** Opening SUPPLIED INFORMATION block **
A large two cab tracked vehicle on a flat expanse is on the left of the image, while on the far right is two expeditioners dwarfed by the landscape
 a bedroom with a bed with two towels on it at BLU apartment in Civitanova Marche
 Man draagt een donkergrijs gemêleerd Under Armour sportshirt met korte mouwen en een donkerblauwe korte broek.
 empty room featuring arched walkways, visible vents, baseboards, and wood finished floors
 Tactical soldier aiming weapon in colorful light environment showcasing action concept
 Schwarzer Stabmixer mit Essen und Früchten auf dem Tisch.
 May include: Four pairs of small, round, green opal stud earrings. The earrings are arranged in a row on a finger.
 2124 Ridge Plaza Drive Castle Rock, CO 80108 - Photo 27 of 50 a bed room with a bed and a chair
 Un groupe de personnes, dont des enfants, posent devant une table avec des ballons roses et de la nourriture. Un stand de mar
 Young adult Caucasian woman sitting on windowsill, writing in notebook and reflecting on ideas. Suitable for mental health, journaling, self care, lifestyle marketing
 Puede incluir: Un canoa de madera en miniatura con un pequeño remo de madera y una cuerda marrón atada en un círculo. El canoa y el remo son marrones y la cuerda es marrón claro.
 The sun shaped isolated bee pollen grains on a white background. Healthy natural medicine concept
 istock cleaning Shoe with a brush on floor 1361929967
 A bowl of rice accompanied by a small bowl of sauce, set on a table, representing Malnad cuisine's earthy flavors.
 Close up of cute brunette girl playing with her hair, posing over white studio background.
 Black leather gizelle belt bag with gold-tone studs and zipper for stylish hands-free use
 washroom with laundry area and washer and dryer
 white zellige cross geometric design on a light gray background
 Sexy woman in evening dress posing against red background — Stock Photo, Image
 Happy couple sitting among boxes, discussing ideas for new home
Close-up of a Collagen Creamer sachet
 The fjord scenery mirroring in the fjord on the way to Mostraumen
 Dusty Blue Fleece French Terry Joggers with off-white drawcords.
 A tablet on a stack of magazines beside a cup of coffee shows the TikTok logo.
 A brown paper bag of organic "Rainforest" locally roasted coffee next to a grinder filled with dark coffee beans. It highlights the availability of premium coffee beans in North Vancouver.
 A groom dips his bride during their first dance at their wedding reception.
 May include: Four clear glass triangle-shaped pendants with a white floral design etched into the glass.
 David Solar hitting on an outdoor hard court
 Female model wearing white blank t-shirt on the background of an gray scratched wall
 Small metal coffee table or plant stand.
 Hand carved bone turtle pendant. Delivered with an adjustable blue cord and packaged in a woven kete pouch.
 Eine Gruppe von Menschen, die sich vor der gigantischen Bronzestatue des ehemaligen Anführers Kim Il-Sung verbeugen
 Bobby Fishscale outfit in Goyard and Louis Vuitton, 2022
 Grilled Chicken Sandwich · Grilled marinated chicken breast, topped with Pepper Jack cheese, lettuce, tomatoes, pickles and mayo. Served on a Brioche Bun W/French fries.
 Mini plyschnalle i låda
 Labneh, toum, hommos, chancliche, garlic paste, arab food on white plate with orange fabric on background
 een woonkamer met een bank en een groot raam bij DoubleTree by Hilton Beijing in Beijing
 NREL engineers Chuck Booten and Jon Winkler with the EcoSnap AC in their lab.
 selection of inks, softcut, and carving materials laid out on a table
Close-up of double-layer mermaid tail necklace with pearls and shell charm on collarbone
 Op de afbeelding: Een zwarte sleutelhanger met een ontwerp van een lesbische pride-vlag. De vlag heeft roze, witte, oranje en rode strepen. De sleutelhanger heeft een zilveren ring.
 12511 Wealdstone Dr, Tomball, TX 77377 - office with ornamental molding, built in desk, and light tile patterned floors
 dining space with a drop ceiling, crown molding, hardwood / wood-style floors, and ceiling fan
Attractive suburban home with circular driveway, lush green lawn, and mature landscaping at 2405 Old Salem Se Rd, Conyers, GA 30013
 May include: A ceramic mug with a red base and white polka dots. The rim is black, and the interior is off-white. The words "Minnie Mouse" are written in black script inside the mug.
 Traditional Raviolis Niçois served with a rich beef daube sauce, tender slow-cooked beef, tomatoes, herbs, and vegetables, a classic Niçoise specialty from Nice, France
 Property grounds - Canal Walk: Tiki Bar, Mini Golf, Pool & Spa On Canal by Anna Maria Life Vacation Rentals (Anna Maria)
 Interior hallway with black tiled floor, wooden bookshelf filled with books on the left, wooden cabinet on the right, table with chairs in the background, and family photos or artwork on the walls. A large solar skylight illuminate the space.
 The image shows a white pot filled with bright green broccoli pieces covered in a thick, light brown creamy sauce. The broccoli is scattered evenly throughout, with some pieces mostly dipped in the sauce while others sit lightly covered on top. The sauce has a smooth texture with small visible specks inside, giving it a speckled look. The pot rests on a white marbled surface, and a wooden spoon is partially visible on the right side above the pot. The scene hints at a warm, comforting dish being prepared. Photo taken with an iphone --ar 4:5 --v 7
** Closing SUPPLIED INFORMATION block **
* AIM OF THE TASK: Write out every entry again exactly, please, with nothing missing.

* YOUR SOLUTION:
A large two cab tracked vehicle on a flat expanse is on the left of the image, while on the far right is two expeditioners dwarfed by the landscape
 a bedroom with a bed with two towels on it at BLU apartment in Civitanova Marche
 Man draagt een donkergrijs gemêleerd Under Armour sportshirt met korte mouwen en een donkerblauwe korte broek.
 empty room featuring arched walkways, visible vents, baseboards, and wood finished floors
 Tactical soldier aiming weapon in colorful light environment showcasing action concept
 Schwarzer Stabmixer mit Essen und Früchten auf dem Tisch.
 May include: Four pairs of small, round, green opal stud earrings. The earrings are arranged in a row on a finger.
 2124 Ridge Plaza Drive Castle Rock, CO 80108 - Photo 27 of 50 a bed room with a bed and a chair
 Un groupe de personnes, dont des enfants, posent devant une table avec des ballons roses et de la nourriture. Un stand de mar
 Young adult Caucasian woman sitting on windowsill, writing in notebook and reflecting on ideas. Suitable for mental health, journaling, self care, lifestyle marketing
 Puede incluir: Un canoa de madera en miniatura con un pequeño remo de madera y una cuerda marrón atada en un círculo. El canoa y el remo son marrones y la cuerda es marrón claro.
 The sun shaped isolated bee pollen grains on a white background. Healthy natural medicine concept
 istock cleaning Shoe with a brush on floor 1361929967
 A bowl of rice accompanied by a small bowl of sauce, set on a table, representing Malnad cuisine's earthy flavors.
 Close up of cute brunette girl playing with her hair, posing over white studio background.
 Black leather gizelle belt bag with gold-tone studs and zipper for stylish hands-free use
 washroom with laundry area and washer and dryer
 white zellige cross geometric design on a light gray background
 Sexy woman in evening dress posing against red background — Stock Photo, Image
 Happy couple sitting among boxes, discussing ideas for new home
Close-up of a Collagen Creamer sachet
 The fjord scenery mirroring in the fjord on the way to Mostraumen
 Dusty Blue Fleece French Terry Joggers with off-white drawcords.
 A tablet on a stack of magazines beside a cup of coffee shows the TikTok logo.
 A brown paper bag of organic "Rainforest" locally roasted coffee next to a grinder filled with dark coffee beans. It highlights the availability of premium coffee beans in North Vancouver.
 A groom dips his bride during their first dance at their wedding reception.
 May include: Four clear glass triangle-shaped pendants with a white floral design etched into the glass.
 David Solar hitting on an outdoor hard court
 Female model wearing white blank t-shirt on the background of an gray scratched wall
 Small metal coffee table or plant stand.
 Hand carved bone turtle pendant. Delivered with an adjustable blue cord and packaged in a woven kete pouch.
 Eine Gruppe von Menschen, die sich vor der gigantischen Bronzestatue des ehemaligen Anführers Kim Il-Sung verbeugen
 Bobby Fishscale outfit in Goyard and Louis Vuitton, 2022
 Grilled Chicken Sandwich · Grilled marinated chicken breast, topped with Pepper Jack cheese, lettuce, tomatoes, pickles and mayo. Served on a Brioche Bun W/French fries.
 Mini plyschnalle i låda
 Labneh, toum, hommos, chancliche, garlic paste, arab food on white plate with orange fabric on background
 een woonkamer met een bank en een groot raam bij DoubleTree by Hilton Beijing in Beijing
 NREL engineers Chuck Booten and Jon Winkler with the EcoSnap AC in their lab.
 selection of inks, softcut, and carving materials laid out on a table
Close-up of double-layer mermaid tail necklace with pearls and shell charm on collarbone
 Op de afbeelding: Een zwarte sleutelhanger met een ontwerp van een lesbische pride-vlag. De vlag heeft roze, witte, oranje en rode strepen. De sleutelhanger heeft een zilveren ring.
 12511 Wealdstone Dr, Tomball, TX 77377 - office with ornamental molding, built in desk, and light tile patterned floors
 dining space with a drop ceiling, crown molding, hardwood / wood-style floors, and ceiling fan
Attractive suburban home with circular driveway, lush green lawn, and mature landscaping at 2405 Old Salem Se Rd, Conyers, GA 30013
 May include: A ceramic mug with a red base and white polka dots. The rim is black, and the interior is off-white. The words "Minnie Mouse" are written in black script inside the mug.
 Traditional Raviolis Niçois served with a rich beef daube sauce, tender slow-cooked beef, tomatoes, herbs, and vegetables, a classic Niçoise specialty from Nice, France
 Property grounds - Canal Walk: Tiki Bar, Mini Golf, Pool & Spa On Canal by Anna Maria Life Vacation Rentals (Anna Maria)
 Interior hallway with black tiled floor, wooden bookshelf filled with books on the left, wooden cabinet on the right, table with chairs in the background, and family photos or artwork on the walls. A large solar skylight illuminate the space.
 The image shows a white pot filled with bright green broccoli pieces covered in a thick, light brown creamy sauce. The broccoli is scattered evenly throughout, with some pieces mostly dipped in the sauce while others sit lightly covered on top. The sauce has a smooth texture with small visible specks inside, giving it a speckled look. The pot rests on a white marbled surface, and a wooden spoon is partially visible on the right side above the pot. The scene hints at a warm, comforting dish being prepared. Photo taken with an iphone --ar 4:5 --v 7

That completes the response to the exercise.